Tuesday, September 1, 2009

On the way to meet her, I have time, more than I’ve ever been aware of before, and the shifts swirl around me. When we came together, when we fell away, what was between us before there was nothing. I think back six years. How I used to walk around with a little notebook in my bag, and jot down fleeting thoughts on subway cars. My fingertips, half-stained with ink, were moving with each lurch. Stop and start, stop and start. Back when we knew one another but not ourselves, I waged wars in my mind about self and sense of self, person and persona, light and dark, and my own eternal question—Was it more important to have talent or to want talent? I was figuring out who I was, what I meant to this world. Alexis was doing more or less the same.
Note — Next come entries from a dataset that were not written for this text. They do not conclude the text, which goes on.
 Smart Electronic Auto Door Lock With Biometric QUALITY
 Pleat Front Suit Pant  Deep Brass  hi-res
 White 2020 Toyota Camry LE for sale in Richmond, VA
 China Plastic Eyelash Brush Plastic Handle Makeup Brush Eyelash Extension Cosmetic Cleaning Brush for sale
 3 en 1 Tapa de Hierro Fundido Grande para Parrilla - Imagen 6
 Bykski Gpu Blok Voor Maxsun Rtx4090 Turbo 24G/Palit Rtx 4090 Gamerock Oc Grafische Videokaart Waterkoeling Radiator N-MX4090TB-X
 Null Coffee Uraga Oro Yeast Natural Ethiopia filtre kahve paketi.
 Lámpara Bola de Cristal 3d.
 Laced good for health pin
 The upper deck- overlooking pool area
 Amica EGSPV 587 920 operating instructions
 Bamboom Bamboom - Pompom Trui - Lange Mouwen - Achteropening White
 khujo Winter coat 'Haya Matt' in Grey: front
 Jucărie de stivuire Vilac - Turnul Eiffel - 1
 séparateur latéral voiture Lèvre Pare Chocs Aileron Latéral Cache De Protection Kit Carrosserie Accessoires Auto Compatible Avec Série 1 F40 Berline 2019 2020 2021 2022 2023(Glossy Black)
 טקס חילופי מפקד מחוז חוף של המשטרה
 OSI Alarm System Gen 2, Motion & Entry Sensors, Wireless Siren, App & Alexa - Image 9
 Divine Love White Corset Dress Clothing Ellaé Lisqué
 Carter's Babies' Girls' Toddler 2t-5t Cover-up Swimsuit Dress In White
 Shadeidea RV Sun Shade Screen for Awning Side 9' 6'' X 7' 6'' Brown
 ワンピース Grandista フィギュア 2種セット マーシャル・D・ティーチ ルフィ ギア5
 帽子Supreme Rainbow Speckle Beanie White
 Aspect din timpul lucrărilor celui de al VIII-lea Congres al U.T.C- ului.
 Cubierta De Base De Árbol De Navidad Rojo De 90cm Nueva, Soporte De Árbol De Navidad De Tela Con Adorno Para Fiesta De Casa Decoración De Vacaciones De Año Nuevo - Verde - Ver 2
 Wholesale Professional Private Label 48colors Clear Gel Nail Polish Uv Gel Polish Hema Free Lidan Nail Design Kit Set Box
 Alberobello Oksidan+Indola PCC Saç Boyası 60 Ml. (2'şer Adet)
That’s why we talked legacies. Mine, hers. For me, literary prowess or fame? For her, a husband and child? I was in love with her brother; she had just moved back into her parents’ house in Pennsylvania, and had decided to stay. It takes an editor to bind us back together—stop and start, when what happened, happened, there was the first, and then only the last.

It wasn’t like before, in the summers, when I would visit, and we’d cut thick tomato slices and fry bacon, layering the new lettuces between nutty breads and French mayonnaise. We’d put our toes in the grass, and we’d eat, me finishing her sandwich. When her parents left, we’d break out the wine, the firecrackers. We lit them, and they exploded all over the brick patio, and we screamed in delight before elbowing each other, arguing about whose fault it was because they had permanently scarred the walkway. That was a long time ago by now.

So long I can’t remember what I looked like, so long that I look at pictures from that time and can’t recall the voice of the person whose arm mine is slung around; I know it’s her but I don’t see her face that way—shiny, blonde, smiling. Khaki shorts, stupid-looking hats. We were in Nice, she had a French boyfriend, and we stood on the rocks as the bathtub-colored water rushed over us, over our feet, and we wore scarves because the wind was strong though the day was hot.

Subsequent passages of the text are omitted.